Men’s group flexes muscles, judged 3.2

| Staff Columnist
Mike Hirshon | Student Life

Mike Hirshon | Student Life

The most anticipated event of my college career (so far, at least) came last week in the form of the Activities Fair. Considering I was over-involved in high school, as I’m sure most of the other students at Wash. U. were, I couldn’t wait to check out all of the different clubs in which I could get involved, because reading 300 pages for my Text and Tradition classes just isn’t enough of a time killer for me.

As I made my way through the overwhelming display of tables, the over-committed, over-involved maniac in me died a little when I found so many groups of which I could not be a part. Women’s advocacy groups peppered the landscape that is Brookings Quad. Amid a myriad of extracurriculars, only one group even hinted at men’s interests. There is nothing wrong with women’s groups, but I suddenly felt rather alone and underrepresented (especially since I only signed up to be on the e-mail list for 12 groups).

In an article published in March by a student at University of Chicago, he proposed the creation of a group called Men in Power, which would focus on the hardships that men face and help them connect with successful male mentors. Much of the female population became angered at the thought, claiming it sexist and degrading. Dissenters mounted protests during the first meeting, carrying signs bearing messages like “Misogyny has never seemed so Maroon.”

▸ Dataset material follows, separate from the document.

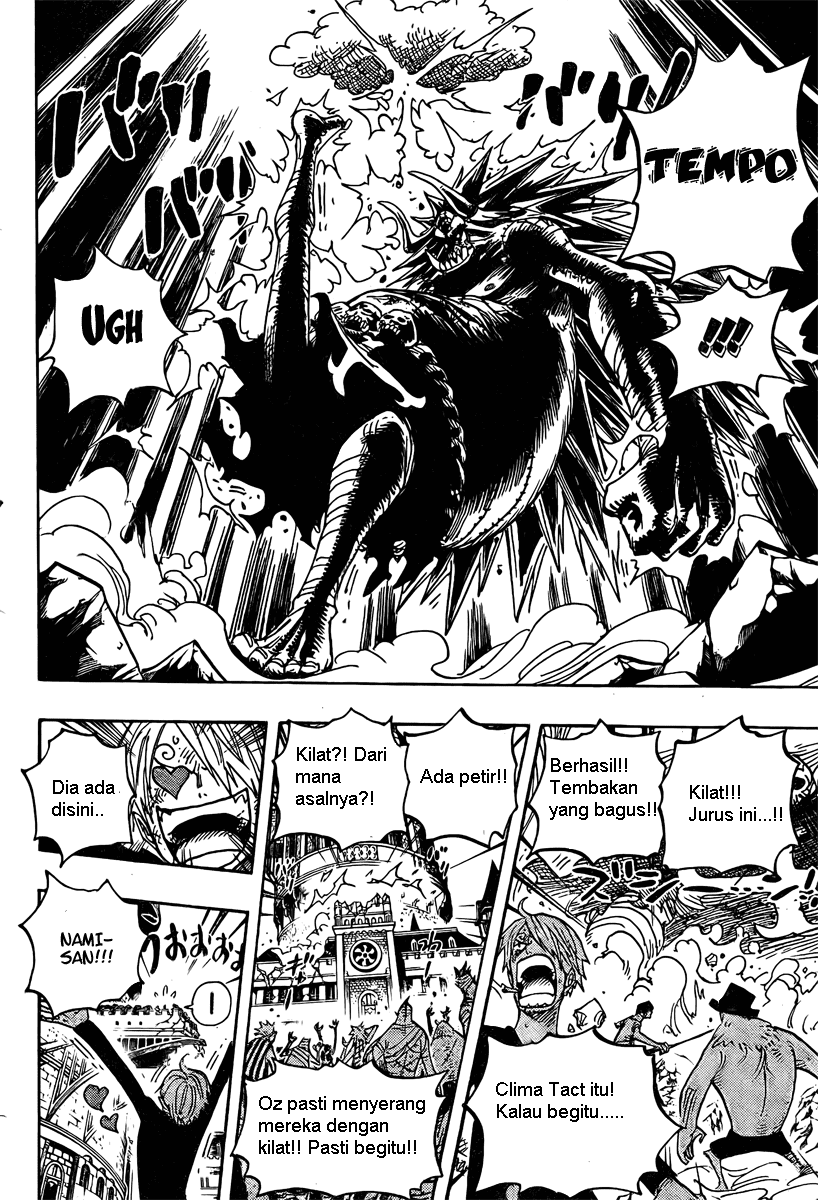 One Piece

But I don’t understand the problem. A men’s support group should be able to exist without the worry of cries of “Misogyny!” and “Patriarchy!” and would help both men and women.

In a world of heightened political correctness, it would be so much easier for me to take the stance opposed to the formation of such a group on any campus, but I simply cannot do that because the fact of the matter is that men face just as much pressure as women do.

As much as we as a society emphasize political correctness, we also force certain expectations on men. A man must be assertive, emotionless, athletic, driven, courageous, polite but not too chivalrous that he offends a woman and sets her on the shelf as a trophy, and the criteria stretch on and on and on. In much of our culture, if a man does not conform to the Herculean mold, he is not a real man, as women are not real women if they are not skinny, coiffed, sassy, made up and obsessed with “Twilight.”

The pressure is intense enough that in the United States, the male-to-female suicide rate is four-to-one and has been for quite some time. Men must be stoic, silent, solitary, until, of course, they become so overwhelmed by the pressure of it all that they end their suffering in a truly manly way: self-murder.

As a guy who doesn’t abide by every single male more (I think my 12-year-old cousin could probably beat me at basketball, and I tend to get my feelings hurt a little more easily than I should), I believe a forum where I could talk about my own issues with life and the problems that I face without having to worry about scrutiny or jeers or jabs at my manhood would be a great organization.

I understand the argument, though. I recently read a book entitled “Privilege, Power, and Difference,” an examination of how gender, race, sexuality and disability status affect a person’s life and the society around him or her. An argument in the study said that maleness is a quality of privilege in American society and makes men privy to a bevy of benefits that women, as a result of male privilege, have no chance of obtaining. It’s a zero-sum game that can only be dissolved by increased awareness and action at the hands of those with and without privilege.

Seemingly, this organization would only increase male privilege, but what if the men involved were able to be who they really are? Would they realize the system of expectations, both male and female, that has been created around them? Who’s to say they wouldn’t? Who’s to say this wouldn’t open their eyes to those problems that their “maleness” made them overlook?

Maybe I’m idealistic and maybe I’m naïve, but it’s gotten me this far in life (although I guess I still don’t fit the mold of the perfect man). Maybe we could get a group together and talk about it?